Anton Chekhov, Fourteen Stories
A remarkable collection of short stories by the acknowledged master of the form, translated by Peter Constantine and appearing here for the first time in English. Five of these pieces show Chekhov as an unexpectedly innovative and formally playful stylist.

Truman Capote, Christmas Vacation
Written when the author was a precocious eleven years old, this novella is the most substantial survivor of the author’s earliest works. Exuberant, comical, sophisticated and sometimes violent, Christmas Vacation is divided into five chapters: “Christmas Guest,” “The Uninvited Guests,” “Uncle William Makes Trouble,” and “The Hoodlums Leave.” Capote’s own troubled relationship with his mother and aunt, and a nosy neighbor lady, cast in the composite character of Mrs. Busybody, is explicitly present in the story. The colloquial dialogue shows Capote’s natural ear for idiom, and the narrative itself—often slapstick—moves forward quickly to its hilarious conclusion. Conjunctions reproduces the entire 27-page original holograph manuscript, and a transcription with a foreword by Bradford Morrow.
Click here to see a reproduction of the first page of the manuscript

Yasunari Kawabata, Silence and The Boat-Women: A Dance Drama
In April 1958, ten years before Kawabata received the Nobel Prize, the great Japanese author of Snow Country and Thousand Cranes published, in the words of translator Michael Emmerich, “A stunning difficult collection of works titled beautifully Fuji no Hatsuyuki (First Snow on Fuji).” The short story “Silence” strongly echoes Kawabata’s masterpiece The Master of Go.

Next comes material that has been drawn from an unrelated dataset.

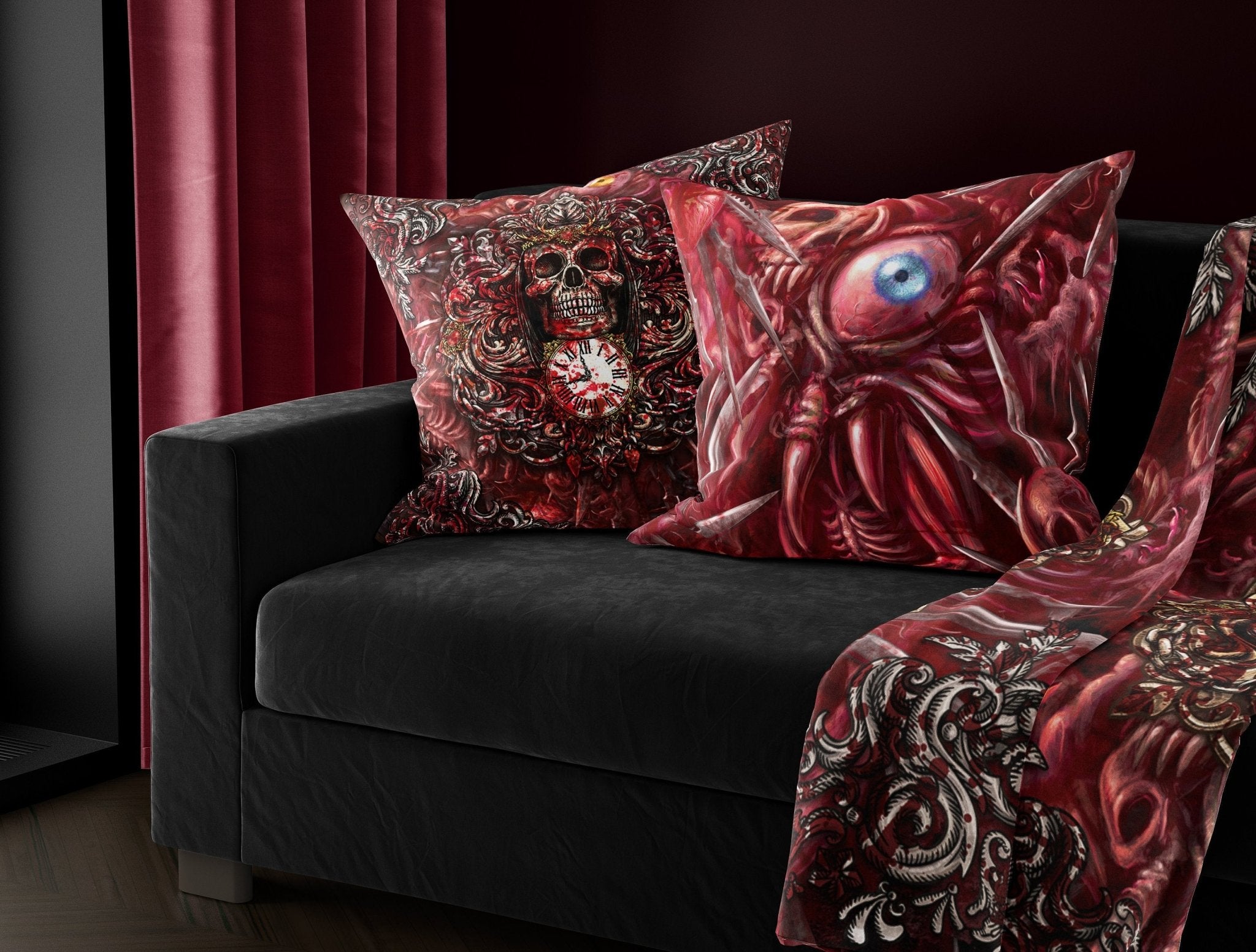 Horror Throw Pillow, Decorative Accent Cushion, Grim Reaper, Skull Art, Halloween, Alternative Home - Gore & Blood - Abysm Internal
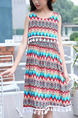 Colorful Loose Tassel Printed Above Knee Girl Dress for Casual Party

The Boat-Women was a departure for Kawabata: the first of only two works for the stage he ever created. Both pieces appear here for the first time in English translation with a note by Mr. Emmerich.

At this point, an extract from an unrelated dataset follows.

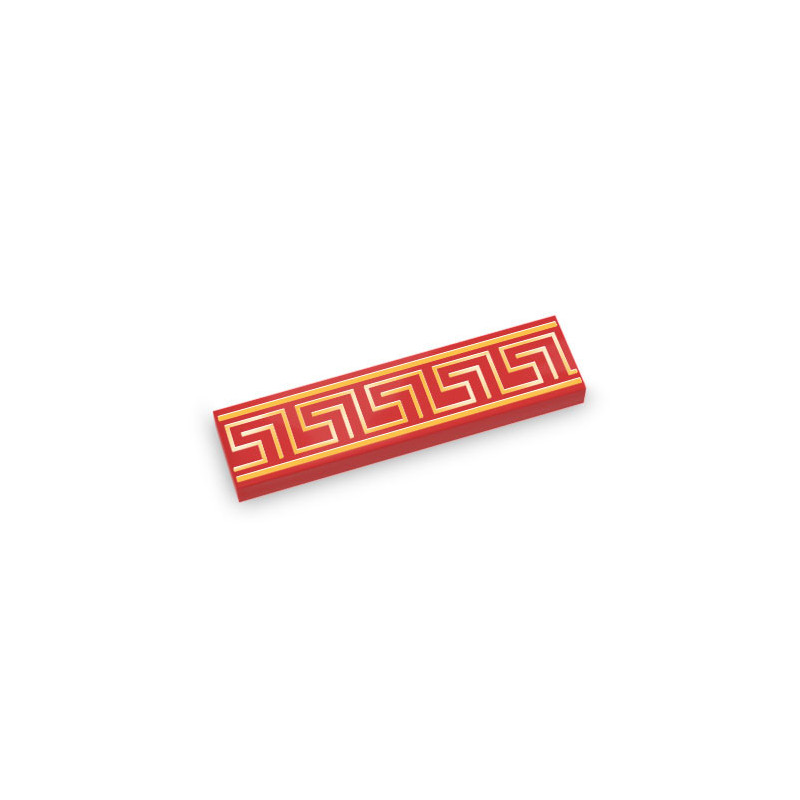 Asian Ornament Printed on 1X4 Lego® Brick - Red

Thomas Bernhard, Claus Peymann and Hermann Beil on Sulzweise
A hilarious, acerbic one-act play by the magnificent Austrian writer, in which the artistic director and his dramaturg sit on a hill overlooking Vienna, eat Wiener schnitzel, and hatch a scheme to stage all of Shakespeare’s plays in all languages using a cast of thousands in one grand evening! Bernhard himself is mentioned in passing—“don’t ever listen to Bernhard that arrogant theater monster”—in this important translation by Gitta Honegger, the American representative of the Thomas Bernhard International Foundation and author of a critical volume about Bernhard forthcoming from Yale University Press.

Michel Leiris, 1944 Journal
French anthropologist and writer Leiris’s harrowing eyewitness account of the Liberation of Paris, in translation by recent Lannan Award winner Lydia Davis, and with an afterword by Maurice Blanchot, The Instant of My Death, in which this reclusive author remembers, in his own way, that same period of history. Both Davis and Jeff Fort, translator of the Blanchot work, have provided insightful contextualizing prefaces to each of these historical texts.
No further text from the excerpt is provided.